Required work.
Go to the line holding "Un biliardo con" in the entries below and write out exactly every line down to and including the line holding "Hvid kortærmet kjole".

[Records for the exercise — start]

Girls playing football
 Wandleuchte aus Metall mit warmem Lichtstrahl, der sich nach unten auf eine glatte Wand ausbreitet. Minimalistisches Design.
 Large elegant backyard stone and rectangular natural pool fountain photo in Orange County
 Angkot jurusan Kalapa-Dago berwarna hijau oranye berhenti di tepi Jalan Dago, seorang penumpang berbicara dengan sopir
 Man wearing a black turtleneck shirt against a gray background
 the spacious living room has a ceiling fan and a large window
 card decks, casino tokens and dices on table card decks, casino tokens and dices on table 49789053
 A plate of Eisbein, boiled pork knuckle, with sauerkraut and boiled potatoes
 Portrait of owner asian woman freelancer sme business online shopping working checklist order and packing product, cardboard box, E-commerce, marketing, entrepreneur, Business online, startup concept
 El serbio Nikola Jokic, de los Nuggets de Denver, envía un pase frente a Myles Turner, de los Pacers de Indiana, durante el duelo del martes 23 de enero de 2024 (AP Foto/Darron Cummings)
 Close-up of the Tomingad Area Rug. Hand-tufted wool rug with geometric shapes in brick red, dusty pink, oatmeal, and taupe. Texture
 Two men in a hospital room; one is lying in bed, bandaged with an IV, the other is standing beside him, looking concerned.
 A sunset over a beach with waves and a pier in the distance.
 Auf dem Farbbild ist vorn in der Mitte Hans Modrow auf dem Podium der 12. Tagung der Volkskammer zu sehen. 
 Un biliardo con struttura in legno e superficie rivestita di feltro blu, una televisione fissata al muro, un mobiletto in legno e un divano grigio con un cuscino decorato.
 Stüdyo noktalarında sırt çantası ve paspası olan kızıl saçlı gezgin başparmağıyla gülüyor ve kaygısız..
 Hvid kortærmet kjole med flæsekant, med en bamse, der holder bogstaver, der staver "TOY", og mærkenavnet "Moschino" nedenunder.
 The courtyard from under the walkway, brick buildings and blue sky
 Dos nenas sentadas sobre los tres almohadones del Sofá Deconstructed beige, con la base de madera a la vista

[Records for the exercise — finish]

Answer area.
 Un biliardo con struttura in legno e superficie rivestita di feltro blu, una televisione fissata al muro, un mobiletto in legno e un divano grigio con un cuscino decorato.
 Stüdyo noktalarında sırt çantası ve paspası olan kızıl saçlı gezgin başparmağıyla gülüyor ve kaygısız..
 Hvid kortærmet kjole med flæsekant, med en bamse, der holder bogstaver, der staver "TOY", og mærkenavnet "Moschino" nedenunder.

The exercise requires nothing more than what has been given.